A 2011 study from DePaul University published in Psychological Science, “Sexism and Gender Inequality Across 57 Societies,” examined survey data from nearly 83,000 people measuring levels of sexist ideologies and looked at correlations with data from the U.N. Gender Equality Measure (GEM). As the author explains, “The GEM is a composite measure summarizing the extent of women’s and men’s parity in their shares of managerial and professional jobs, parliamentary seats, and earned income in a society.”
The study’s findings include:
- Even after controlling for changes in society over time, and for differences between as well as within societies, the data suggest that “greater sexism predicts decreases in gender equality over time.”
- Separating and tracking the effects of men’s and women’s expressions of mainstream sexist ideologies shows that “sexism may be a consensual legitimizing myth endorsed by both high-status and low-status groups in the creation of gender hierarchy.”
- As might be expected, the researchers found that “sexism is more prevalent in countries that are less developed and have more gender inequality.”
- Overall, the “results presented here suggest that sexism not only legitimizes gender inequality, but actively makes it worse.” This means that, though “employment decisions, pay inequity, and violence against women” are all important factors in the creation of gender inequality, the “ideological forces that drive these effects and exacerbate the subjugation of women” also demand scrutiny.
The researcher cautions that the precise casual mechanisms that link sexism and inequality still need to be established in future research. However, the study’s author notes three potential avenues: “First, sexism is related to discrimination against women, and discrimination could directly account for sexism’s contribution to the creation of inequality … Second, when adolescents (especially females) endorse sexist gender ideologies, they are less likely to aspire to a university degree, and women who endorse these ideologies earn lower wages than those who do not endorse these ideologies…. Third, sexism may exacerbate societal gender inequality by causing women to perform worse on a variety of tasks, thereby providing an ‘objective’ basis to deny women jobs and promotions.”
Tags: sex crimes, women and work
Note to instructor: The suggested assignments are designed for flexibility.
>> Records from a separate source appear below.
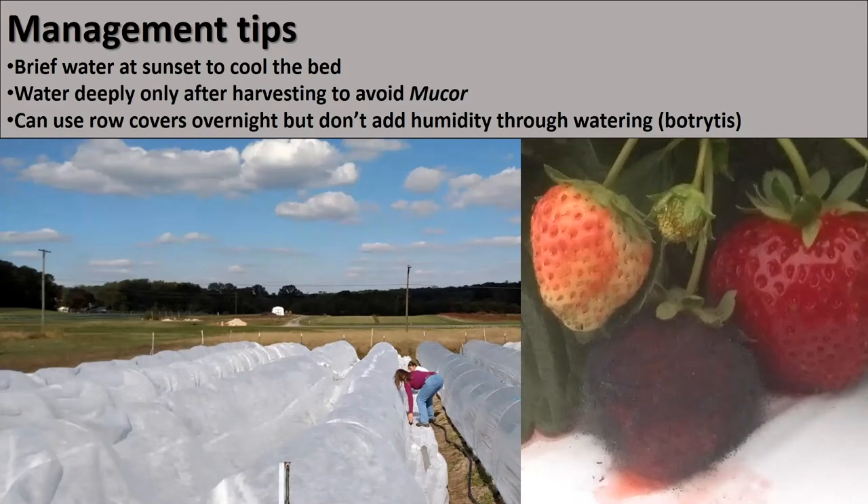If you're going to water deeply, do it only after you've harvested to avoid mucor, which is this awful mold in the picture on the right. When it gets cooler in the fall, you can use row covers overnight, but be careful not to trap humidity in there because I learned accidentally that's a really good way to get botrytis to grow, which is not a good thing.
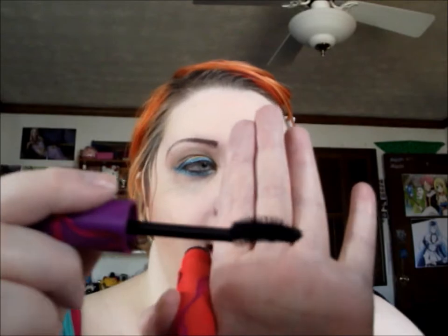For mascara I'm using the Cover Girl Flamed Up Mega Curl Lashes in variable black. I'm really loving this mascara because it has a curved wand that really helps your lashes keep that curl. And that is it for the eyes.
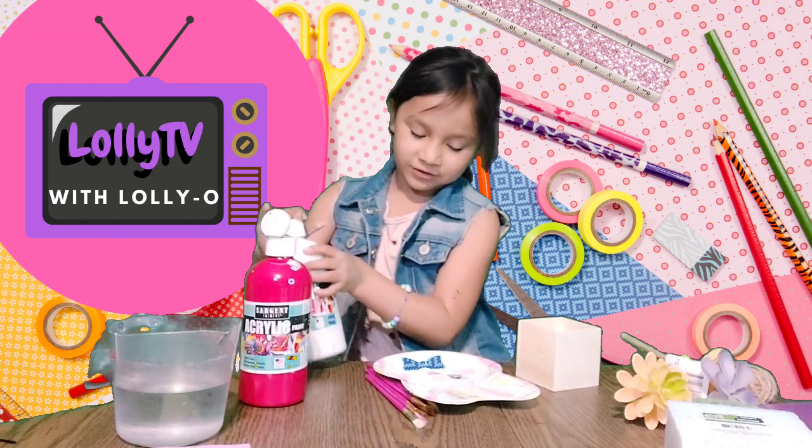I'm going to add more white to make it more pink because I don't really want hot pink. Guys, it's up to you what kind of color you want. You don't have to do pink. You don't have to do the color I'm doing. You can do whatever color you would like, like blue.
They can be used in whole or part and can be adapted to a particular task -- for example, the newswriting assignments could be applied to the writing of the headline, the lead, the nut graph or the full story. Material from the assignments could also be combined with other material, for example, in the writing of a background, feature or local-angle story.
Read the DePaul University study “Sexism and Gender Inequality Across 57 Societies.”
- Summarize the study in fewer than 40 words.
- Express the study's key term(s) in language a lay audience can understand.
- Evaluate the study's limitations. (For example: Do the results conflict with those of other reliable studies? Are there weaknesses in the study's data or research design?)
Read the issue-related The Atlantic article "Are TV Ads Getting More Sexist?"
- What are some of the key ideas that connect the study and the article? For journalists covering issues of gender inequality, what are some of the specific areas in society that might be investigated to highlight how this issue plays out?
- Write a lead (or headline or nut graph) based on the study.
- Spend 60 minutes exploring the issue by accessing sources of information other than the study. Write a lead (or headline or nut graph) based on the study but informed by the new information. Does the new information significantly change what one would write based on the study alone?
- Interview two sources with a stake in or knowledge of the issue. Be prepared to provide them with a short summary of the study in order to get their response to it. Write a 400-word article about the study incorporating material from the interviews.
- Spend additional time exploring the issue and then write a 1,200-word background article, focusing on major aspects of the issue.